(WHAT YOU SHOULD DO) Please restate all of the records word for word, setting the pictures aside.

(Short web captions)
──────────

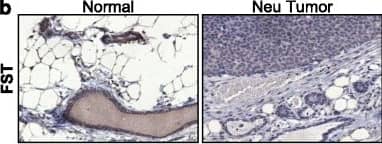 Detection of Mouse Follistatin by Immunohistochemistry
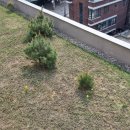 왕솔농장 | 2024년 4월, 우리의 일상.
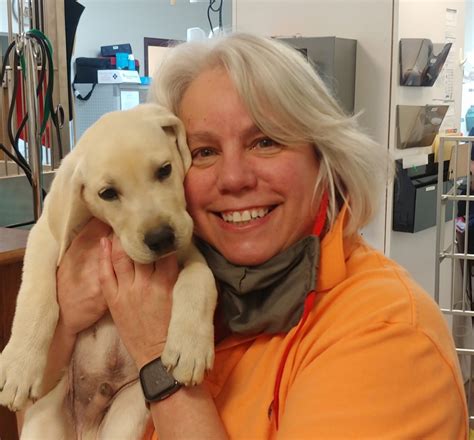 Cherry Knolls Vet Clinic: Compassionate Pet Care Services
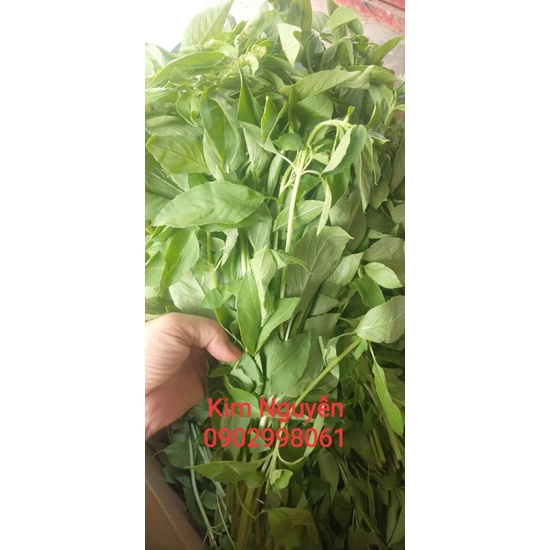 LÁ É TƯƠI CHÍNH GỐC PHÚ YÊN - HÀNG MỚI MỖI NGÀY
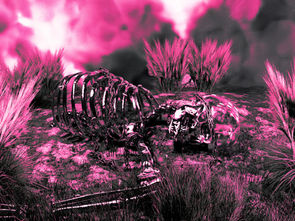 Music Review: Pinknoise Cranks Up the Chaos with New Banger ‘TALK TALK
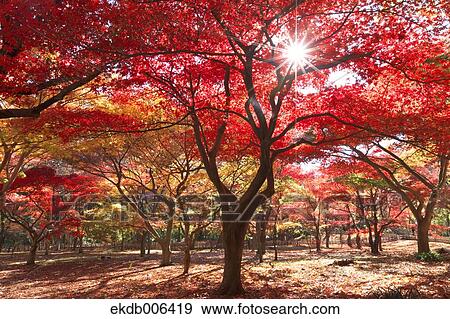Red maple leaves View Large Photo Image Stock Photo - Red maple leaves. Fotosearch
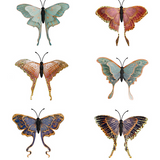 Outdoor Magnetic Luna Moth Assorted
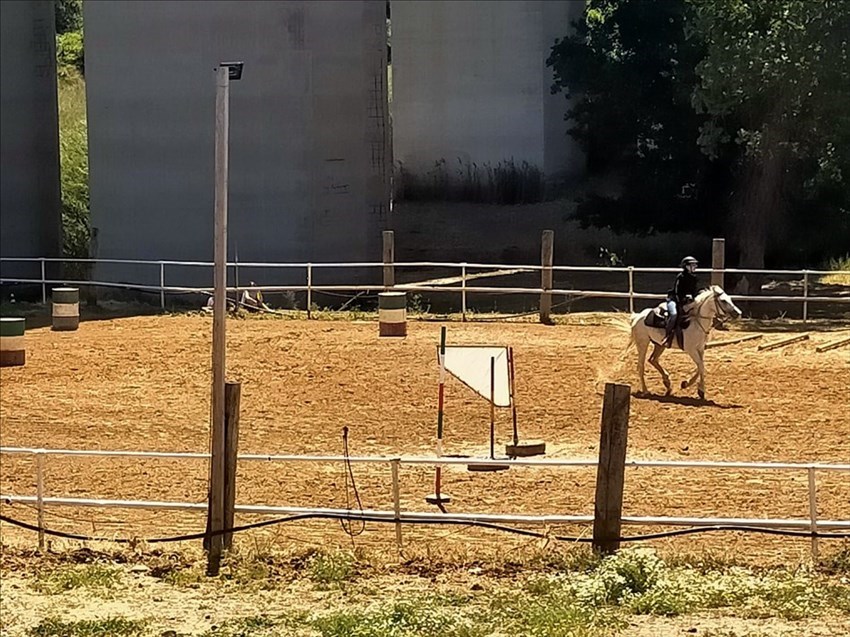Cavalli che passione! Torna la Gimkana Western a Termoli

──────────

(OUTPUT)
 Detection of Mouse Follistatin by Immunohistochemistry
 왕솔농장 | 2024년 4월, 우리의 일상.
 Cherry Knolls Vet Clinic: Compassionate Pet Care Services
 LÁ É TƯƠI CHÍNH GỐC PHÚ YÊN - HÀNG MỚI MỖI NGÀY
 Music Review: Pinknoise Cranks Up the Chaos with New Banger ‘TALK TALK
Red maple leaves View Large Photo Image Stock Photo - Red maple leaves. Fotosearch
 Outdoor Magnetic Luna Moth Assorted
Cavalli che passione! Torna la Gimkana Western a Termoli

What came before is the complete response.